An Inside Look at the GDP Q3 Second Estimate
Note: The charts in this commentary have been updated to include the Q3 2021 Second Estimate.
The chart below is a way to visualize real GDP change since 2007 and uses a stacked column chart to segment the four major components of GDP with a dashed line overlay to show the sum of the four, which is real GDP itself. Here is the latest overview from the Bureau of Labor Statistics:
Real gross domestic product (GDP) increased at an annual rate of 2.1 percent in the third quarter of 2021 (table 1), according to the "second" estimate released by the Bureau of Economic Analysis. In the second quarter, real GDP increased 6.7 percent.

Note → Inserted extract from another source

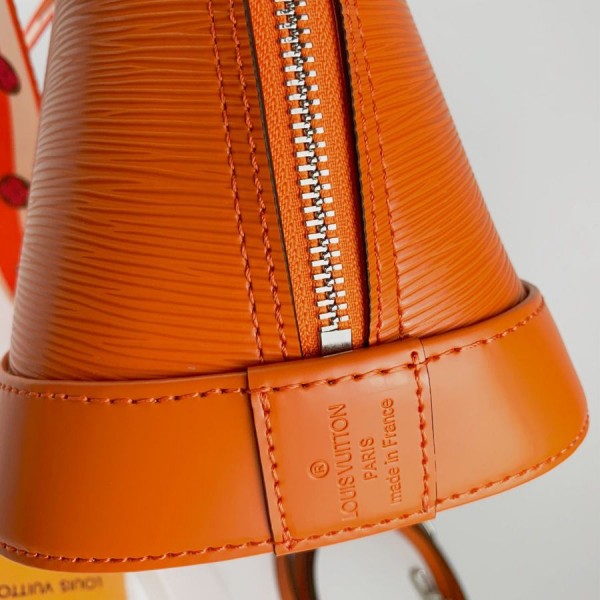 Louis Vuitton Epi Leather Alma PM Handbag In Orange With Jacquard Strap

The GDP estimate released today is based on more complete source data than were available for the "advance" estimate issued last month. In the advance estimate, the increase in real GDP was 2.0 percent. The update primarily reflects upward revisions to personal consumption expenditures (PCE) and private inventory investment (refer to "Updates to GDP").
Let's take a closer look at the contributions of GDP of the four major subcomponents. The data source for this chart is the Excel file accompanying the BEA's latest GDP news release (see the links in the right column). Specifically, it uses Table 2: Contributions to Percent Change in Real Gross Domestic Product.

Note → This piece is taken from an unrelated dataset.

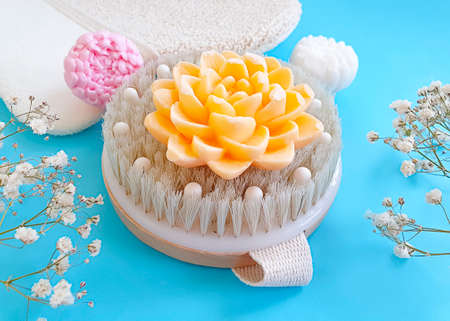 massage brush, soap on a colored backgroundの写真素材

Note: The conventional practice is to round GDP to one decimal place, the latest at 2.1%.
Here is a chart of the latest estimates.
Over the time frame of this chart, the Personal Consumption Expenditures (PCE) component has shown the most consistent correlation with real GDP itself. When PCE has been positive, GDP has usually been positive, and vice versa. In the latest GDP data, the contribution of PCE came at 1.18 of the 2.1 real GDP, a slight increase from the previous quarter.
Gross Private Domestic Investment was a positive contributor.
Net Exports were negative in Q1.
Government Consumption Expenditures came in as a positive contributor.
As for the role of Personal Consumption Expenditures (PCE) in GDP and how it has increased over time, here is a snapshot of the PCE-to-GDP ratio since the inception of quarterly GDP in 1947. To one decimal place, the latest ratio of 70.5% is barely below its record high and above the levels seen during the last recession.